• PROBLEM DESCRIPTION: Begin your copy at the line with "Y_ round_ solid_ Letter Y_ by_ climei Icon" in the records below and end it at the line with "Blanc-de-Chine-Figur des Buddha Amitabha", restating each line word for word; omit the pictures.

• DATASET EXTRACT:
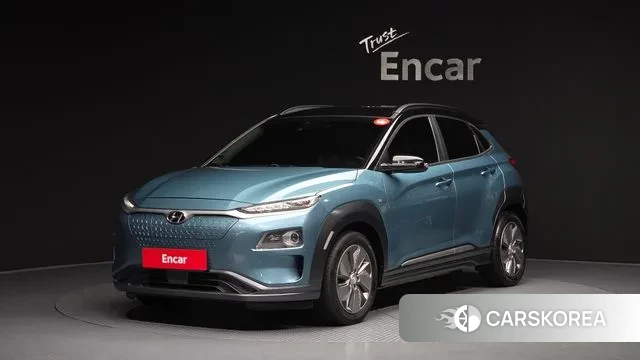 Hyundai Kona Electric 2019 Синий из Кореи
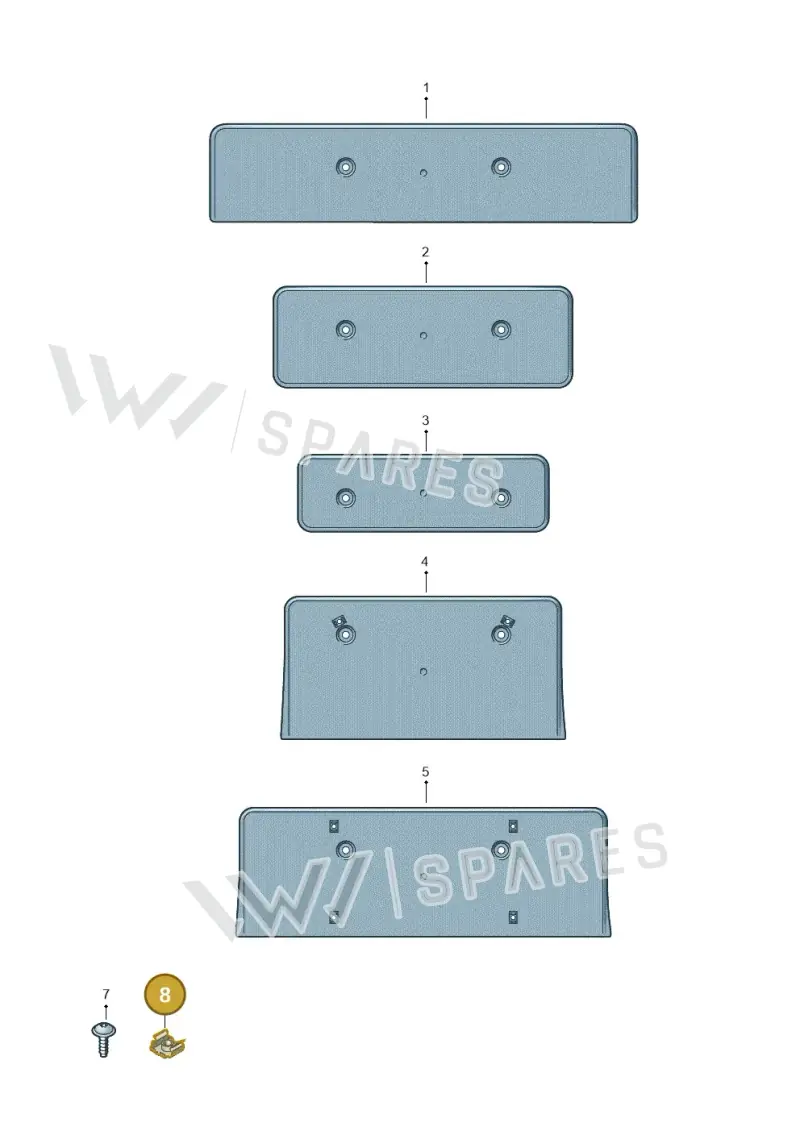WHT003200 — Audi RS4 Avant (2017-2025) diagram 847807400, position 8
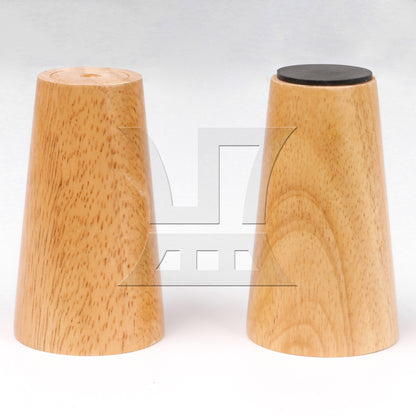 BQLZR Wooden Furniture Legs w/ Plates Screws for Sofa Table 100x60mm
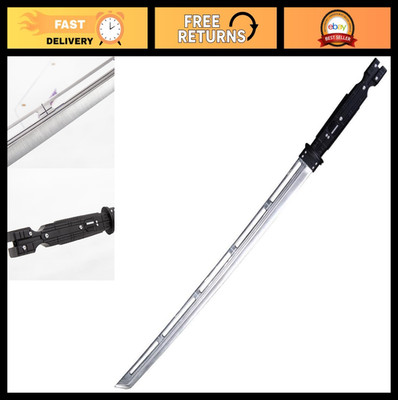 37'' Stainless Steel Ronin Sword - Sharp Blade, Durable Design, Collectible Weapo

* * *

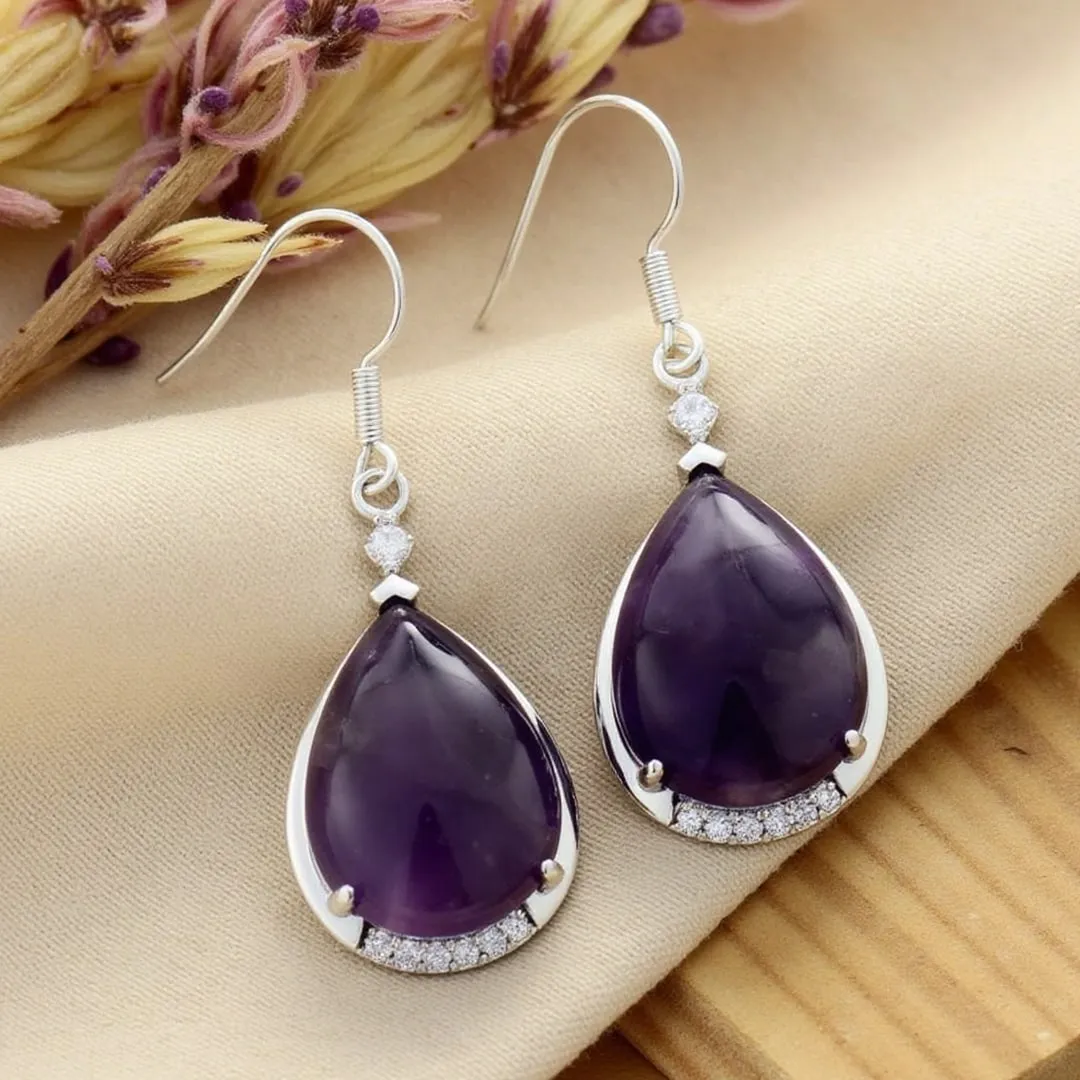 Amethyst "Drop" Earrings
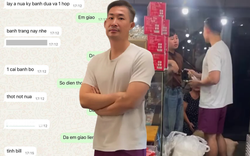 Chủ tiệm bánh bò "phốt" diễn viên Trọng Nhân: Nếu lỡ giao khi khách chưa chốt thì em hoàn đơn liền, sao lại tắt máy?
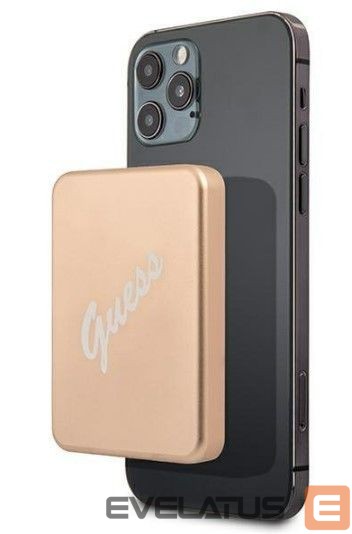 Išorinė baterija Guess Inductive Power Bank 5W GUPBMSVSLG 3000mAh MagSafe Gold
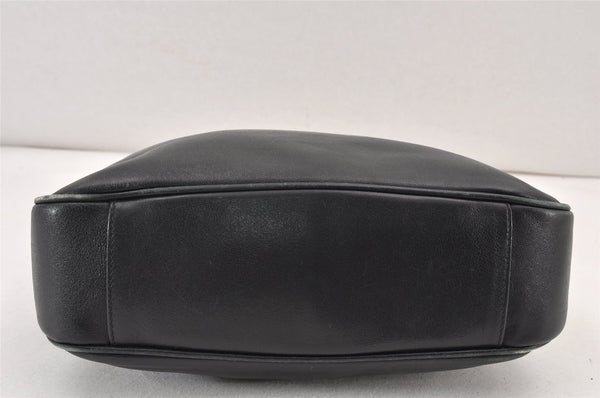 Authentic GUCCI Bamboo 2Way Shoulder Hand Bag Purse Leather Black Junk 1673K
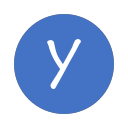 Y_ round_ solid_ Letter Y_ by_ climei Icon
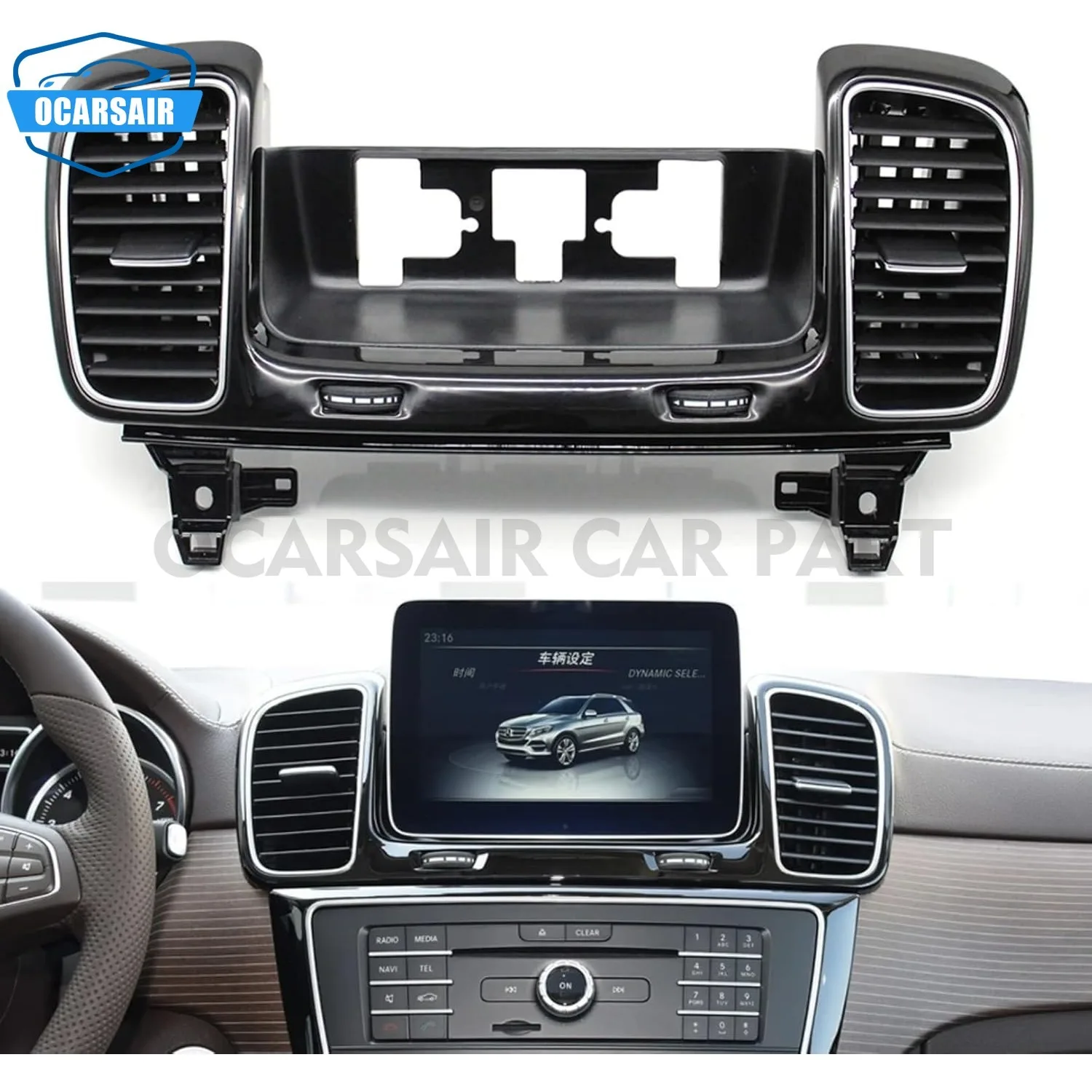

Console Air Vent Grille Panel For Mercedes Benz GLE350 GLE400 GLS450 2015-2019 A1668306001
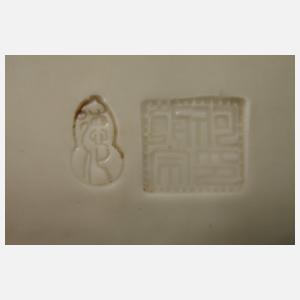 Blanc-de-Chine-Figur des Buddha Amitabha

==

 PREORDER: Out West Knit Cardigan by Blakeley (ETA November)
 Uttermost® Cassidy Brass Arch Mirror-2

• COMPLETED EXERCISE:
 Y_ round_ solid_ Letter Y_ by_ climei Icon

Console Air Vent Grille Panel For Mercedes Benz GLE350 GLE400 GLS450 2015-2019 A1668306001
 Blanc-de-Chine-Figur des Buddha Amitabha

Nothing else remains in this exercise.